Jack Pardee, the coach who gave new defensive coordinator Gregg Williams his first big job, is one of those guys you could write a book about. His obituary is fascinating. Pardee played high school ball at a school so small they couldn’t field a foull team and played in a division that only used six players per side.
He was recruited for Bear Bryant at Texas A&M, and went to that first training camp where Bryant had players do full-contact drills in 110-degree heat (which some people considered an ennobling experience and the mark of a great coach– as opposed to rank sadism). Someone wrote a book about that and ESPN made a movie.
He became an all-Pro linebacker for the Rams in 1963, then developed cancer and had to quit the NFL. They made a great TV movie about a player in that situation (Brian’s Song, with James Caan and Billy Dee Williams), but Pardee’s story had a happy ending. He beat cancer and came back in 1966.
He was never as good a player after that, but he was smart and tough and spent played until 1973– finishing his career as one of George Allen’s “Over The Hill Gang” in Washington.
But wait, there’s more.
Pardee was considered a “coach on the field”, which might be how he got a job as head coach in the World Football League (a startup trying to challenge the NFL) as soon as he retired. His 1974 Florida Blazers went 14-6 and reached the championship game. He kept them playing well, even though the team didn’t pay anyone for the last two months. (Now that is coaching.)

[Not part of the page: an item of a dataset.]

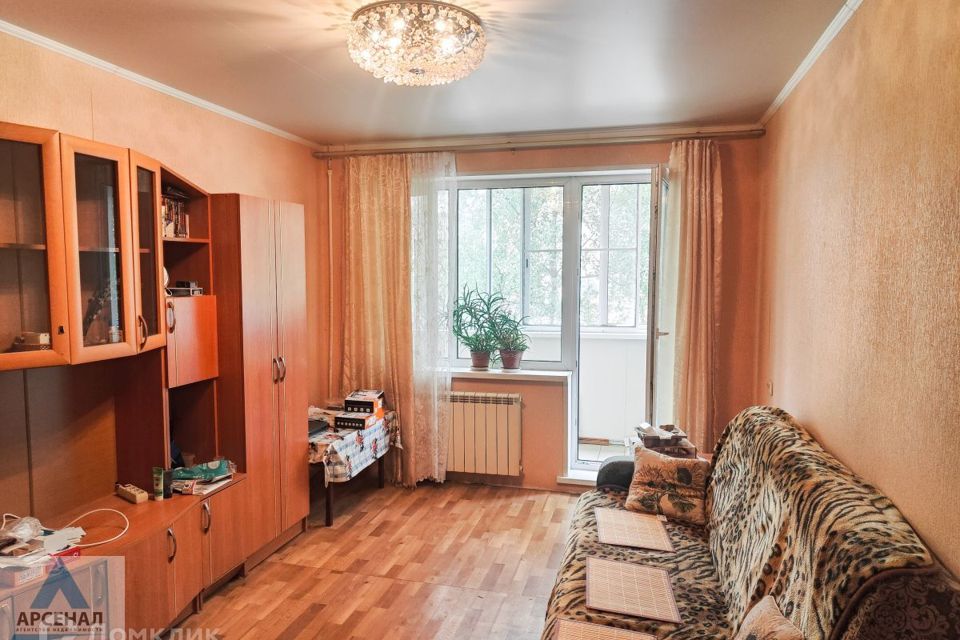 Продаётся 2-комнатная квартира, 46.6 м²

Then the league folded, but the Chicago Bears hired Pardee, and he became a very good head coach (84-77 record; eight .500 or better seasons, five playoff trips in 11 years) for Chicago, Washington and eventually Houston. He left Chicago because his contract was up, he didn’t get an extension in time and he was frustrated that they wouldn’t draft a quarterback.
At Washington, he went 8-8 and then 10-6, but got fired in 1980 after they went 6-10. Owner Jack Kent Cooke Washington was underachieving, and hired Joe Gibbs (hard to argue with that decision).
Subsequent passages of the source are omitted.